+++ DATASET EXCERPT

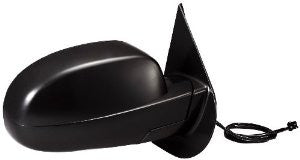 Fit System 62085G Chevrolet/GMC Passenger Side Replacement OE Style Heated Power Folding Mirror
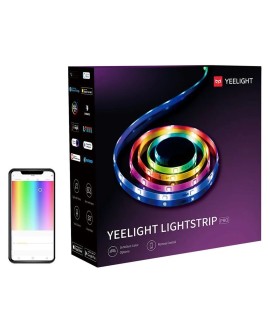 Yeelight Lightstrip Pro YLDD005 Inteligentna taśma LED 2M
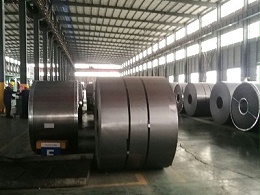 镀锌板市场情绪偏空，成交继续萎缩，钢价下行趋势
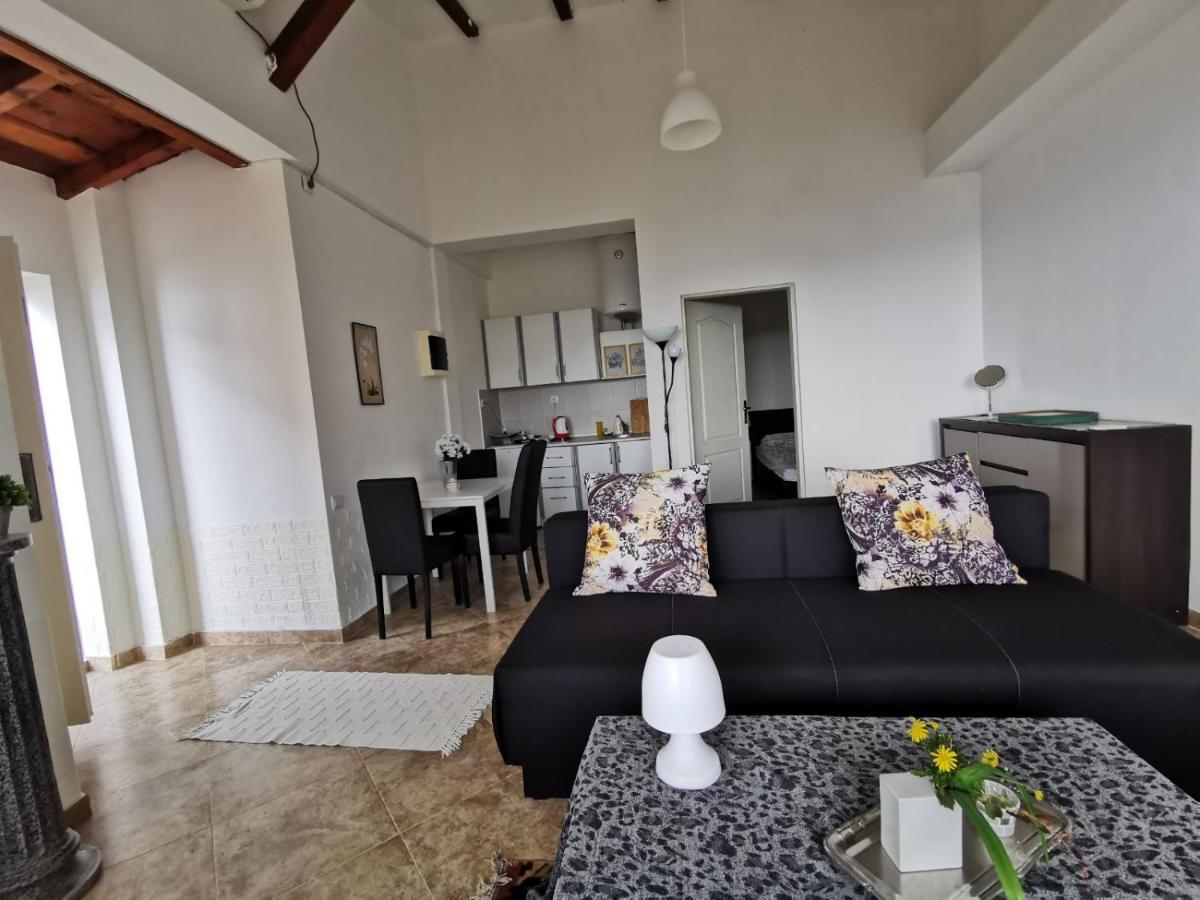Lux Villa Provence Budva Exteriör bild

++++++

§ **ABOUT THIS TASK**: Omit the pictures and repeat the rest of the listing verbatim.

§ **RESULT**:
 Fit System 62085G Chevrolet/GMC Passenger Side Replacement OE Style Heated Power Folding Mirror
 Yeelight Lightstrip Pro YLDD005 Inteligentna taśma LED 2M
 镀锌板市场情绪偏空，成交继续萎缩，钢价下行趋势
Lux Villa Provence Budva Exteriör bild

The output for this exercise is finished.